2.Bölüm

2.7K 35 2
                                    

İrkilerek uyandım. Hemen telefonumu alıp saate baktım. Saat sabahın dokuzuydu. Gerginlikten uyuyamamıştım. Sabah ezanına kadar gözümü kırpmamıştım. Şimdi de erkenden uyandım. Gece yaşananları nasıl unutacaktım? Tuvalete gidip işlerimi hallettim. Parmak uçlarımda hareket ederek etrafı kolaçan ettim. Ablamın kapısı kapalıydı. Koridorun ucundan dün ellerimle çıkarttığım topuklu ayakkabıları görebiliyordum. Sanırım daha ablam uyanmamıştı. Yavaş yavaş ilerledim. Salona doğru gelmemle ablamın orada uyuduğunu gördüm. Dün neredeyse dudaklarıma değecek ayakları çok savunmasız, çok güzel gözüküyordu. Gereksiz bir özgüven geldi. Dün güzel ayaklarıyla, terleriyle ıslanmış ayakkabıları değerli bir hazine gibi gözüktü. Zaten sarhoş gelmişti, uyanmazdı belki.

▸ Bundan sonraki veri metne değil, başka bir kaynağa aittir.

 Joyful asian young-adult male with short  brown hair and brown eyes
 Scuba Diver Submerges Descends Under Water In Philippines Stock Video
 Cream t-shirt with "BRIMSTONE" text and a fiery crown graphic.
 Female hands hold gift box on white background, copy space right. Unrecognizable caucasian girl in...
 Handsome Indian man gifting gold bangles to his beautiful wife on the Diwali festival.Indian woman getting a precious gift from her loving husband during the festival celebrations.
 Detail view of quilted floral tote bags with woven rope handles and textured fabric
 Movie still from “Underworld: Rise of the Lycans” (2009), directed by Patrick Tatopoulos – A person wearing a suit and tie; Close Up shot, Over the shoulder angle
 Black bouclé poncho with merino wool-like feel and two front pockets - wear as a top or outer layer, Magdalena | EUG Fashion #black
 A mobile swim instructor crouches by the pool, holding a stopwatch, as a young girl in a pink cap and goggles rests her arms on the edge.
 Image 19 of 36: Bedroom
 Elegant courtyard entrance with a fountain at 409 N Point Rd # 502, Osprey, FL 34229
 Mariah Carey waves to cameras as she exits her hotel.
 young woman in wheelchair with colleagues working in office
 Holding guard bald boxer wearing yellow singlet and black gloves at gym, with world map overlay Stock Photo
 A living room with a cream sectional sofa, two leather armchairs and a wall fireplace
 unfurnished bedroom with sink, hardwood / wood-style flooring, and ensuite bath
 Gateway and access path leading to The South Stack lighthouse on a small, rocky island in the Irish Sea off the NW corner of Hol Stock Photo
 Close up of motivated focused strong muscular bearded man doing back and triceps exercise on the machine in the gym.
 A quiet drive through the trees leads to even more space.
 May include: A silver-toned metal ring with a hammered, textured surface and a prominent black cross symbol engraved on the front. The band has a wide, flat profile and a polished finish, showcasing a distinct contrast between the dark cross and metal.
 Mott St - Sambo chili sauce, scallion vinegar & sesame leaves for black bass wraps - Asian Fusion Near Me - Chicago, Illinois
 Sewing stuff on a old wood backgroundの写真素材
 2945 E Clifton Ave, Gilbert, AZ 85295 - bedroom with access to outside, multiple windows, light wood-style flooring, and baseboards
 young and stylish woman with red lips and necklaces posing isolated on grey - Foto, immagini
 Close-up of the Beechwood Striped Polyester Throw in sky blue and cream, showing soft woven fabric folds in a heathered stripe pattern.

Duygularıma hakim olamayarak diz çöktüm ve topuklu ayakkabılarını ellerimin arasına aldım. Ayak tabanlarının, ayak parmaklarının değdiği yerlerde dilimi gezdirdim. Erkekliğim harekete geçti tabii ki. Şu hafif tuzlu tat için dünyaları verebileceğimi hissettim. Ayaklarının altına mahkum olmayı diledim, o kısacık an içerisinde. Ayakkabılarla o kadar haşır neşir olmuşum ki zamanın nasıl geçtiğini fark edemedim. Bir anda bağırma sesiyle irkildim.

"HOOOŞT KÖPEK! İki uyuya kaldık hemen fırsattan istifade etmişsin!"

"Be-ben özür dileri-rim."

Sinem ablam tüm endamıyla başını tutarak geliyordu. Gerçek bir tanrıça gibi gözüküyordu. Utanç ve yakalanmanın verdiği hisle kafamı aşağı indirdim. Güzel ayakları gözüme çarptı.

"Bu ucubeliğini tartışmamız, konuşmamız gerekecek! Aynı ev içerisinde yaşadığım insanın bu garip hareketleri beni rahatsız ediyor. Ayakkabımı ayakkabılığa koy. Başım çok ağrıyor. Ben gidip duş alacağım. Çıkana kadar bana bir kahve ve yiyecek bir şeyler hazırla. Masaya gelince konuşacağız."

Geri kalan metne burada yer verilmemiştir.